Unas 35 residencias de Saca y su familia, más de 40 vehículos, locales comerciales, haciendas, estaciones de radio, entre otros, además de mansión fueron incautados por la Fiscalía.
El exgobernante desvió decenas de millones de dólares del Estado para beneficiar a su familia, su círculo íntimo, a su partido, financió sus empresas radiales, pagó sobornos a periodistas, creó cuentas subsidiarias de la casa de gobierno para desde ellas sacar dinero a cuentas personales.
Según cifras de la Fiscalía, en los cinco años de gobierno, Saca habría desviado unos 300 millones de dólares.
Tras asumir la presidencia, Saca ya activó la polémica cuando decidió concentrar todo el poder y manejar al mismo tiempo la dirección de su partido Alianza Republicana Nacionalista, al que, según la Fiscalía, desvió $ 7,6 millones.
Como locutor famoso en los años 80, Saca y su esposa empezaron a construir una empresa de radiodifusión, Samix, que para 1993 ya tenía varias estaciones.
En 2007, cuando Saca iba por la mitad de su mandato, Samix amasaba una fortuna con el dinero que llegaba desviado ilegalmente desde la Presidencia. En 2003, la firma reportó ganancias por $ 203.000; en 2007 la cifra subió a $ 3,2 millones.
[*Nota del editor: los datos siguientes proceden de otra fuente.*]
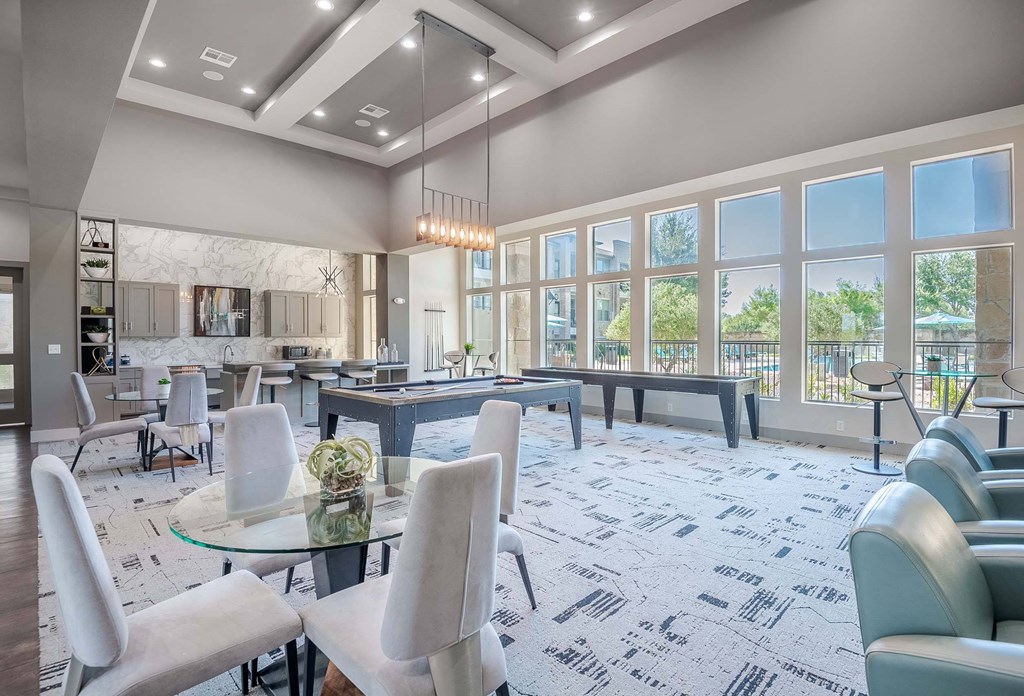a gathering room with tables and chairs and large windows at Discovery at Craig Ranch, Texas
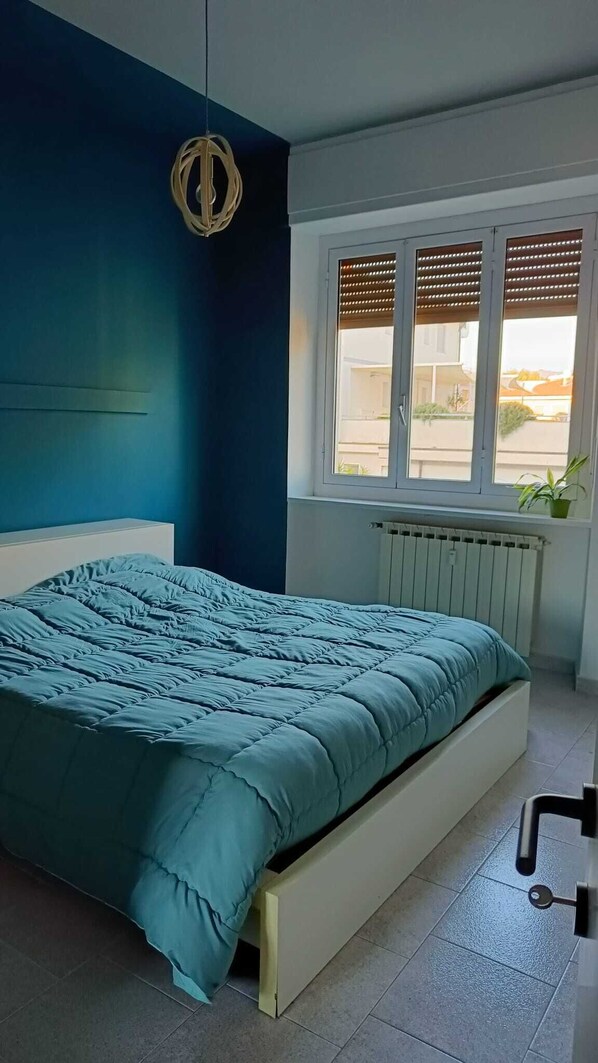 1 bedroom, desk, iron/ironing board, travel crib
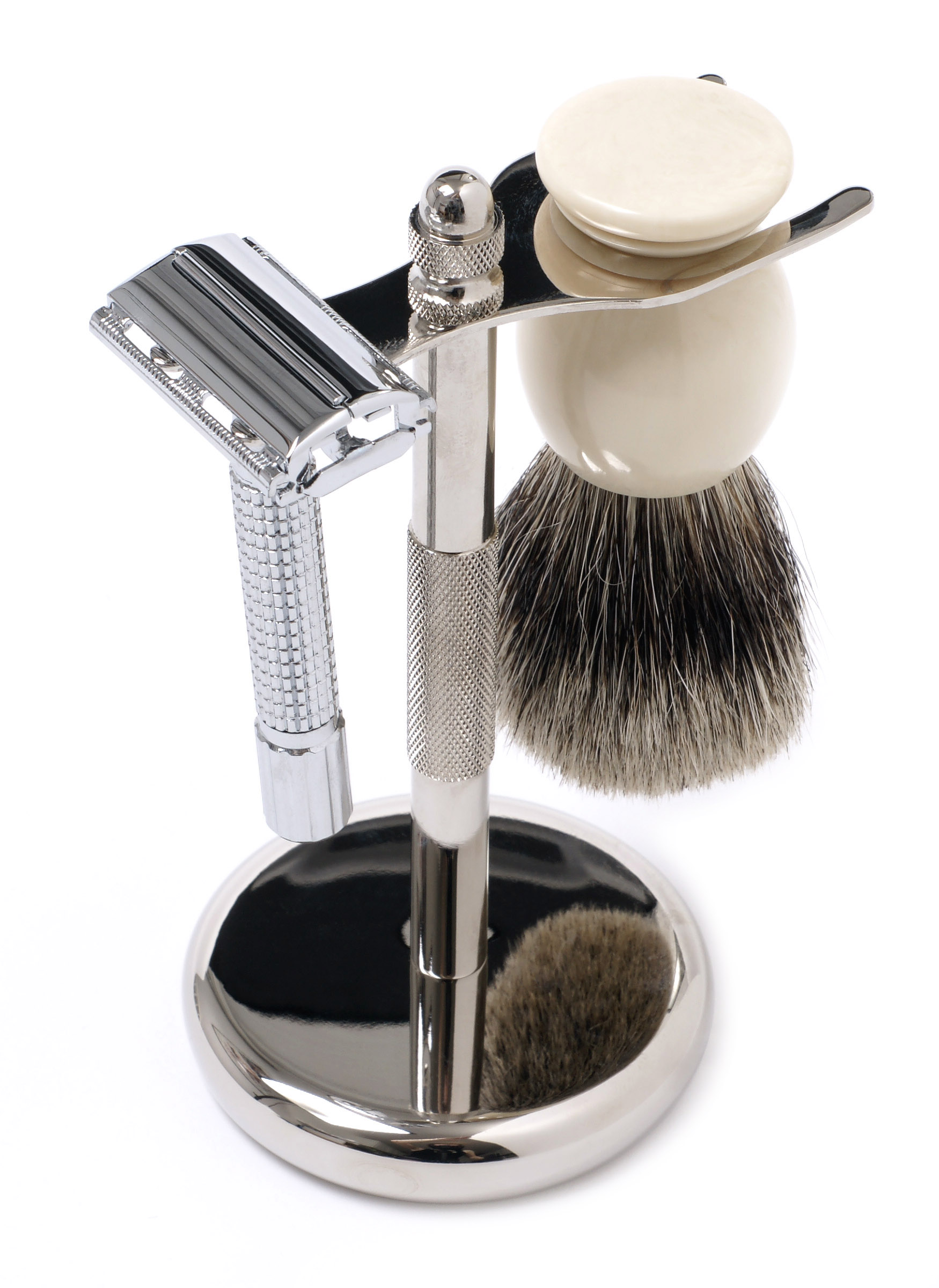 Still-life of a safety razor and badger brush on a chrome stand with soap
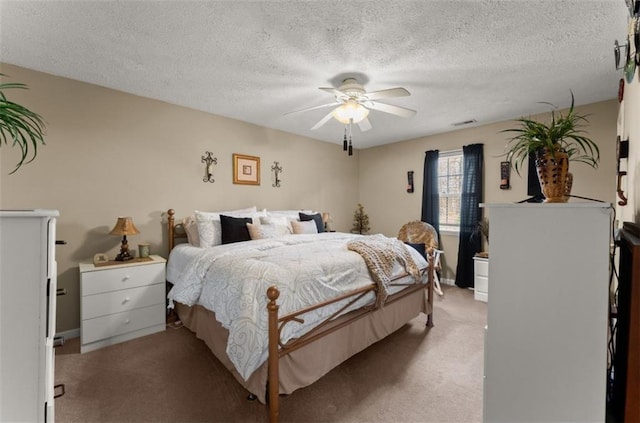 bedroom featuring ceiling fan, light colored carpet, and a textured ceiling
Ante los pedidos de prórrogas para ampliar la investigación, y al acercarse a los años de plazo que la ley salvadoreña da para la culminación de un proceso penal, la Fiscalía prefirió evitar llegar hasta un juicio y optó por hacer un trato. El pacto, que Saca recibe penas mínimas (5 años), confiesa su culpa y se compromete a devolver $25 millones, una décima parte de lo que la Fiscalía dice que se robó, cita Infobae.
En los últimos tres años tres expresidentes de El Salvador fueron procesados por corrupción: Francisco Flores (1999-2004) ya fallecido; Antonio Saca (2004-2009) y Mauricio Funes (2009-2014).
En la región, expresidentes como Lula da Silva, de Brasil, y Cristina Fernández, de Argentina, también son investigados por supuesta corrupción.